With the help of PR and the kept press, Campbell, on behalf of the Blair government, used every dirty method in order to suppress the colossal criticism which had built up over the war in Iraq. The monstrous lie over Saddam’s weapons of mass destructions used to justify the war is a tale often told. However, Davies gives even more graphic detail about this, the attack on the journalist Andrew Gilligan over the ‘sexed-up’ intelligence report justifying the war, and many other examples of New Labour’s responsibility for the war. Davies shows clearly that Campbell’s attack on Gilligan was a decoy to deflect attention away from Blair. Campbell waited four weeks after Gilligan’s Radio 4 Today programme story before he pounced.

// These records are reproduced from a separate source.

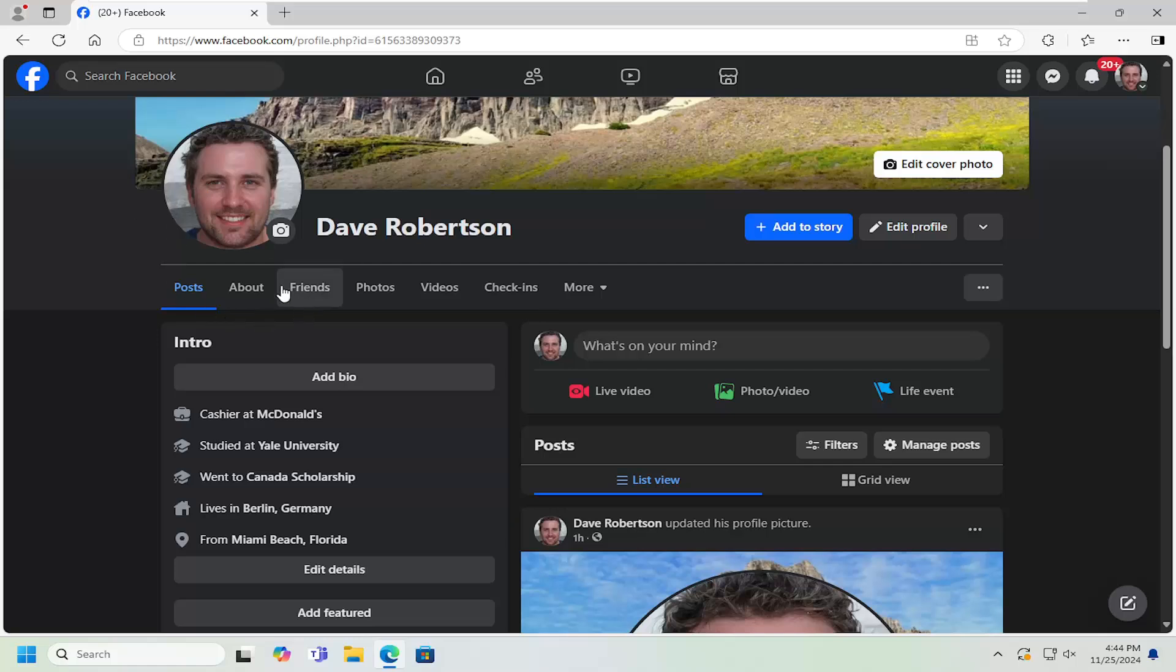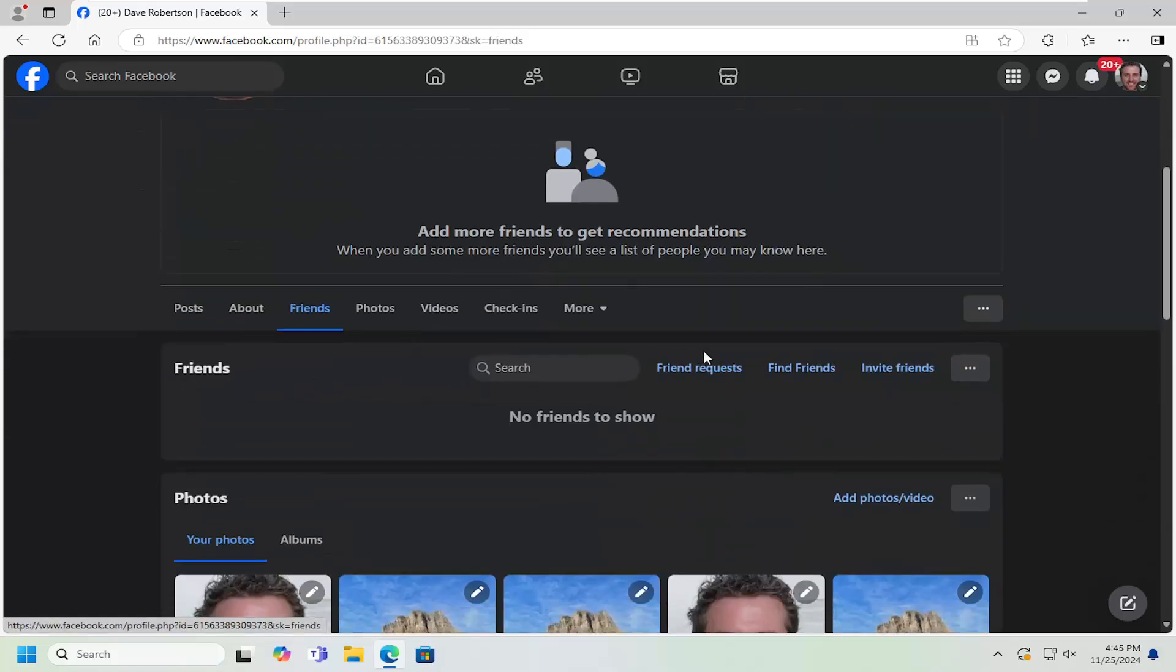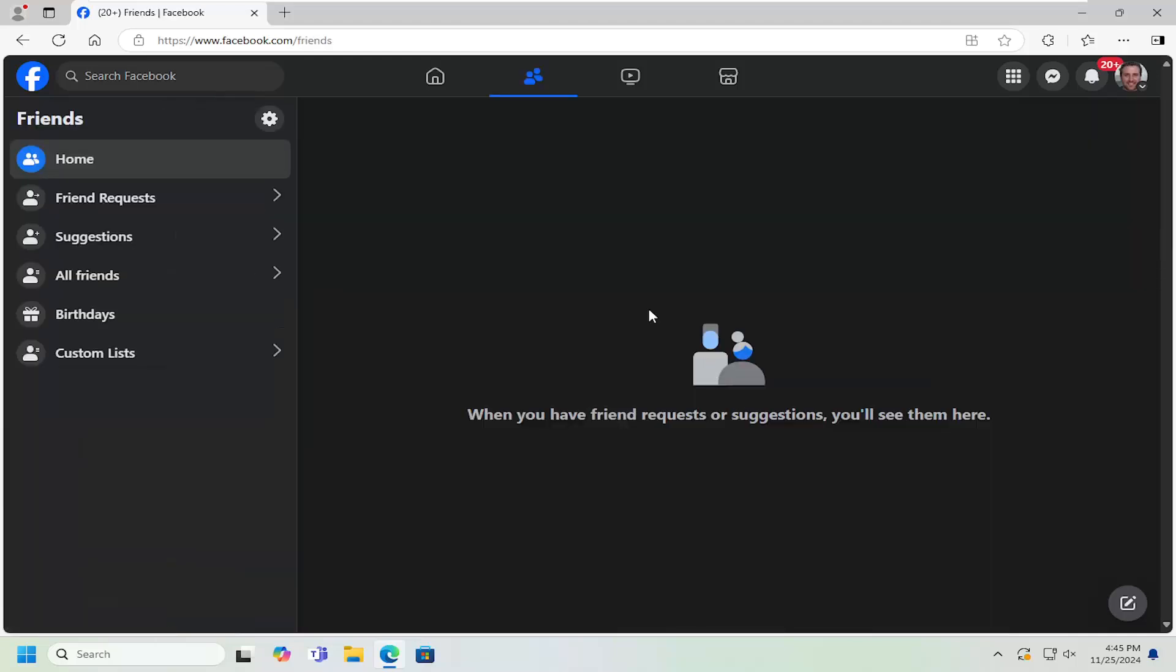And you want to select the friends tab and select view sent friend requests. So if you've sent any friend requests recently, they should be listed here, in which case you can select their profile and remove the friend request or delete it if you so choose.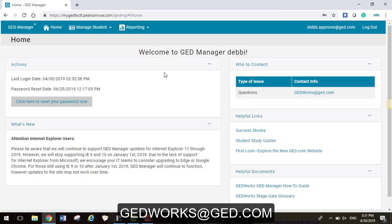If you have any questions, feel free to contact us at gedworks@ged.com.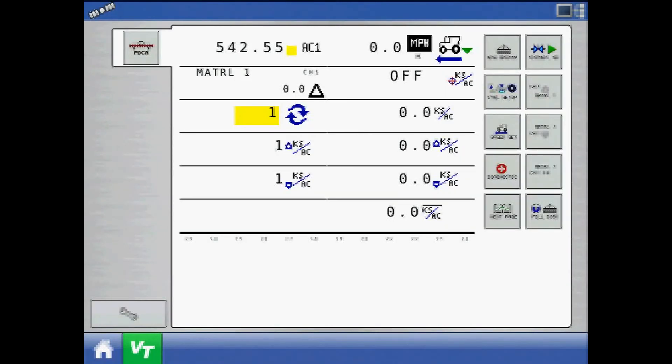Once loaded, the virtual terminal defines the user interface components that it receives from the ISOBUS modules.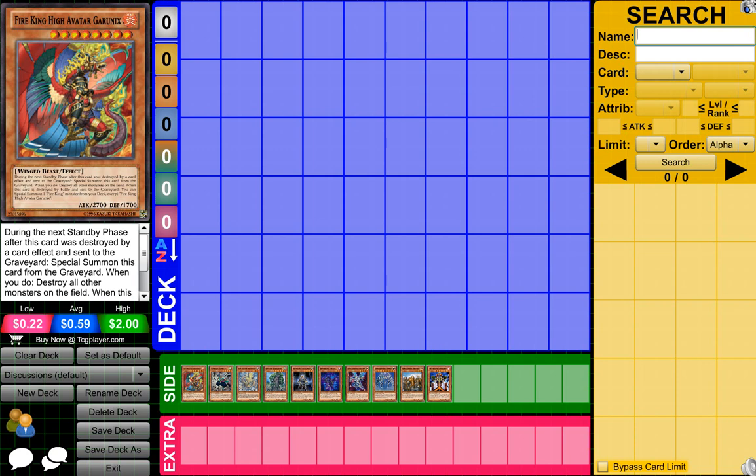Hey guys, JimboAvin here, and today I'm going to have for you the top 5 Yu-Gi-Oh! decks for March 2015.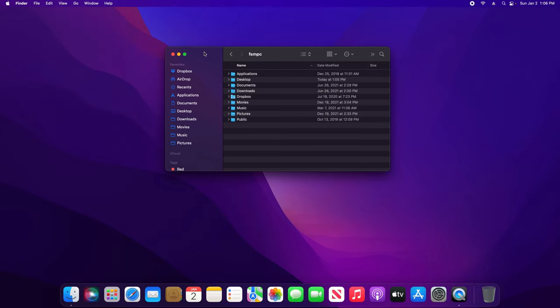I would also note that these files and folders are generally hidden for a reason. If you mess around with them, you could cause damage to your computer. So just keep that in mind.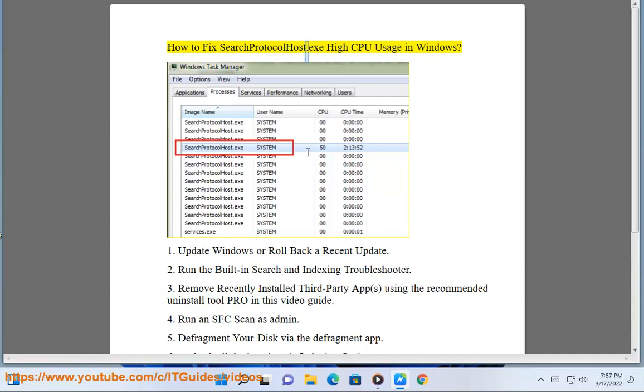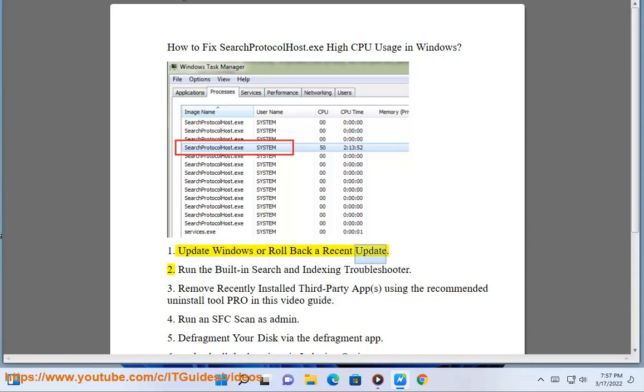How to fix SearchHost.exe high CPU usage in Windows. Step 1: Update Windows or rollback a recent update.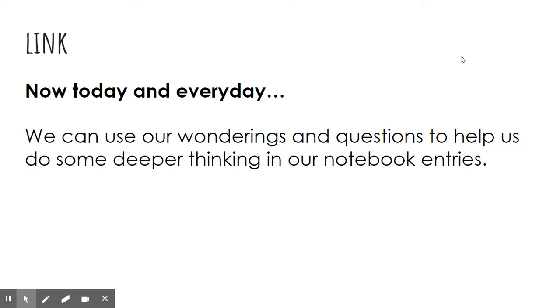Now, today and every day, we can use our wonderings and questions to help us do some deeper thinking in our notebook entries.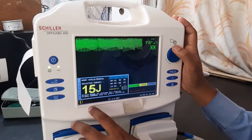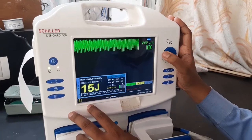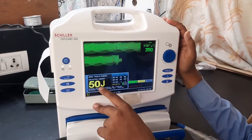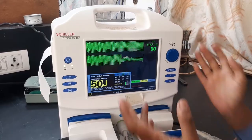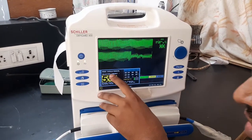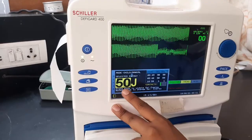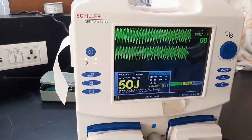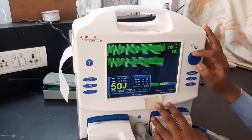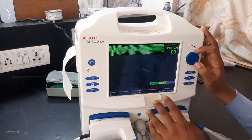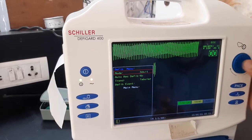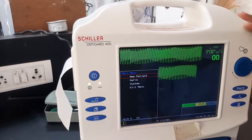Now when you try to select energy in child mode and want to select 90 joules, it will not allow you to select more than 50 joules. At that time, don't panic — it's not a machine problem, it's a patient safety feature. In child mode, maximum energy is limited to 50 joules. To fix it, go back to menu, go into Defib, go to child mode and change it back to adult — it will return to the original settings.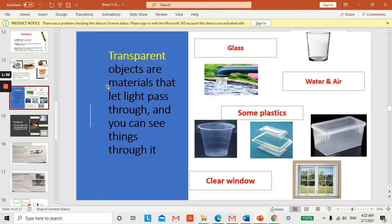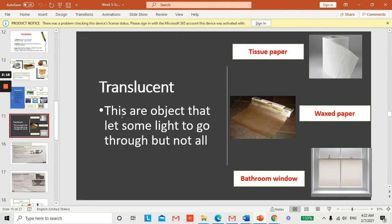We also looked at transparent material. Transparent objects are materials that let light pass through and you can see things through them. Examples of transparent materials are glass, water, air, some plastics, and clear windows. You can see through a clear window — it is part of a transparent material.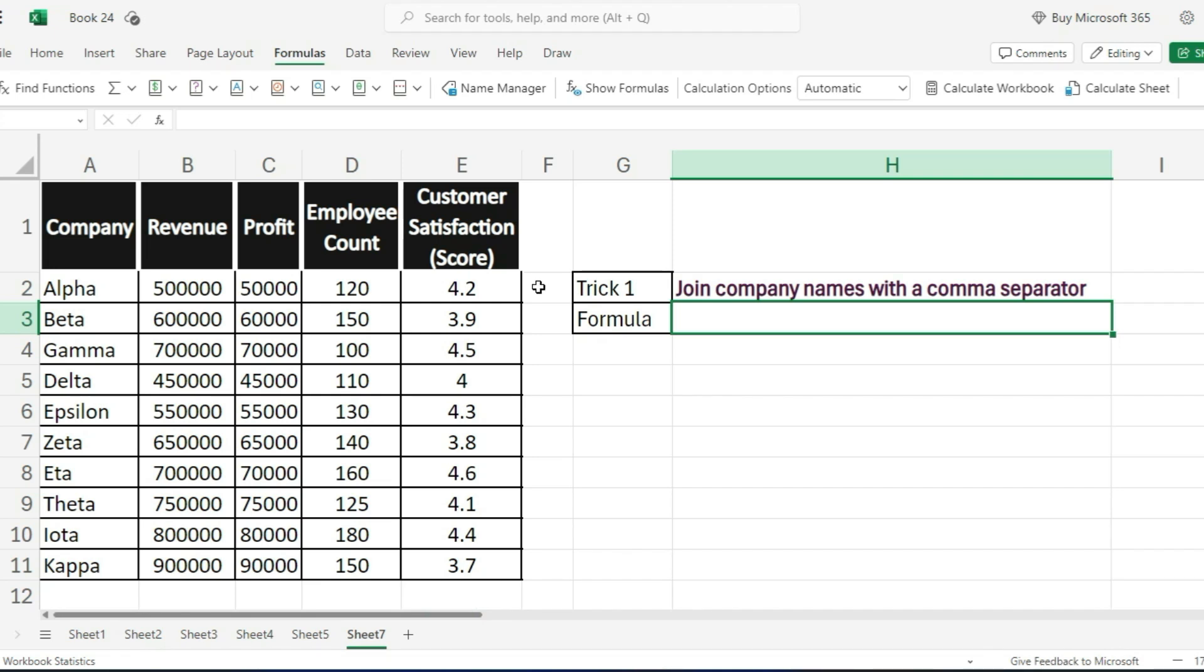Welcome back to the channel. Today, I'm going to share 5 amazing Excel tricks that you must know to supercharge your productivity. Let's dive right in.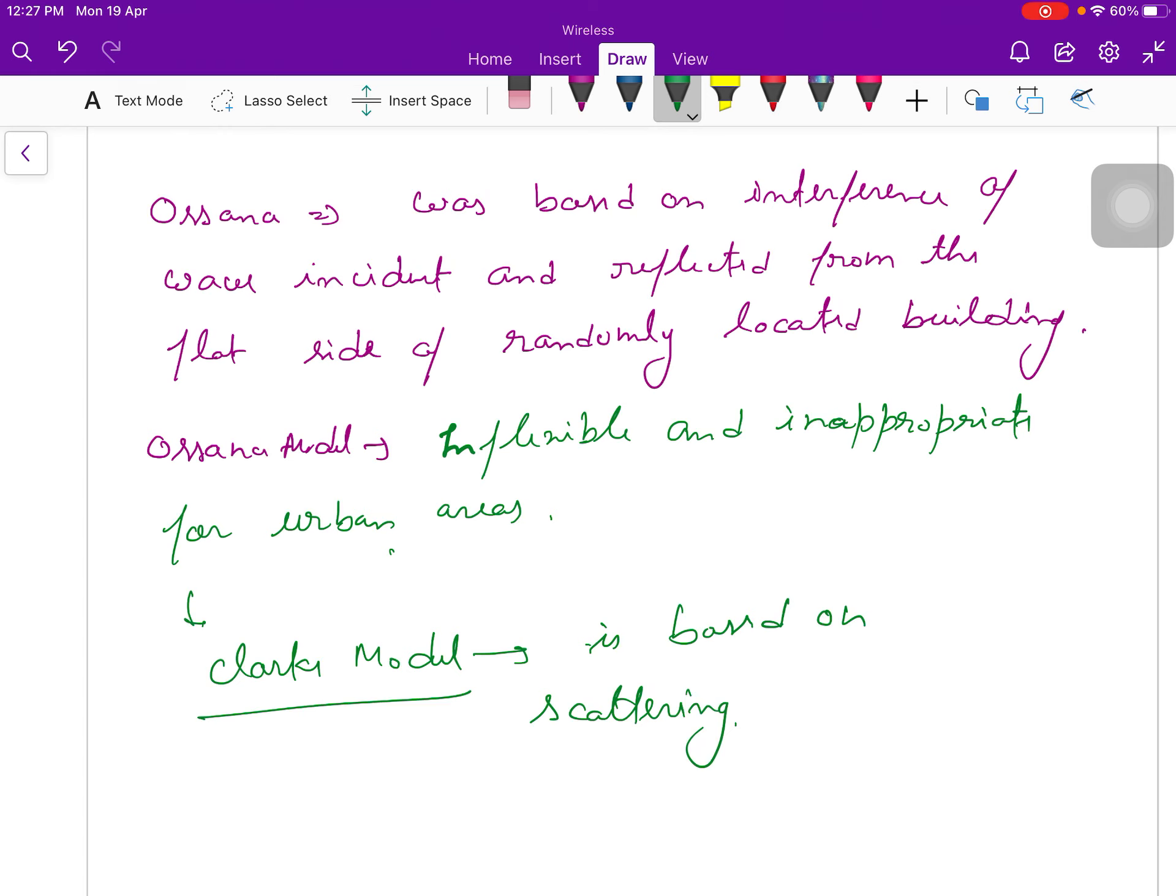That is why this Clarke model is widely used. This Clarke model is based on scattering. We use Clarke model for flat fading.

Davies says that the infamous storming of Channel 4 by Campbell – when he attacked the BBC for daring to challenge the truthfulness of Blair over the war – was “so aggressive that political columnists started to wonder out loud whether the prime minister’s press secretary might be cracking up under the strain”. However, Campbell was successful in diverting attention from the original question about Iraq’s weapons of mass destruction, which was now “shunted into the sidings”.

His bullying, even of capitalist journalists, was taken to unheard of lengths by his New Labour acolytes. Davies reports that ministers in the government approached some newspapers with “explicit invitations to sack Andy McSmith, the political editor of the Independent, Paul Eastham, the political editor of the Daily Mail, Christian Wolmar, the transport editor of the Independent… and Andrew Marr, when he was editor of the Independent”. Unbelievably this list included Mark Mardell – an inveterate anti-left figure – who was then a political correspondent for Newsnight. Even the Financial Times was not, it seems, free from New Labour control freaks like Mandelson. After a story which irritated him, he called the girlfriend of the offending FT journalist, Ivo Dawnay, “late on the night of its publication with a simple message: ‘Just tell Ivo he’s dead’.”

The advent of new technology, of websites which are now run by major media organisations, have reinforced the tendency towards ‘churnalism’. Studies found that “34% of what they published in 2001 was simply reproduced from the two big agencies [Reuters and AP] and their smaller competitor, Agence France-Presse”. The same goes for ‘Google News’ which “does not even pretend to be checking its stories or exercise any kind of journalistic judgement”.

Avoid the electric fence

Another huge barrier to honest journalism is what Davies calls the “rules of production”. Some commentators trace the collapse of investigative journalism from its peak of the Watergate scandal in the mid-1970s. Now, ‘I-teams’ on American television “steer clear of tough subjects involving government or the abuse of power”. Instead, local television news often employs its I-teams in such challenging stories as “… ‘dangerous doors’, reporting on the hazards of opening and closing doors; or ‘inside your washing machine’.” The same approach infiltrates current affairs television in Britain. One experienced commentator told Davies: “We’ve done ‘F*** me, I’m fat’. We’ve done ‘F*** me, I’m thin’. We’re just working on ‘F*** me, I’m f***ed up”.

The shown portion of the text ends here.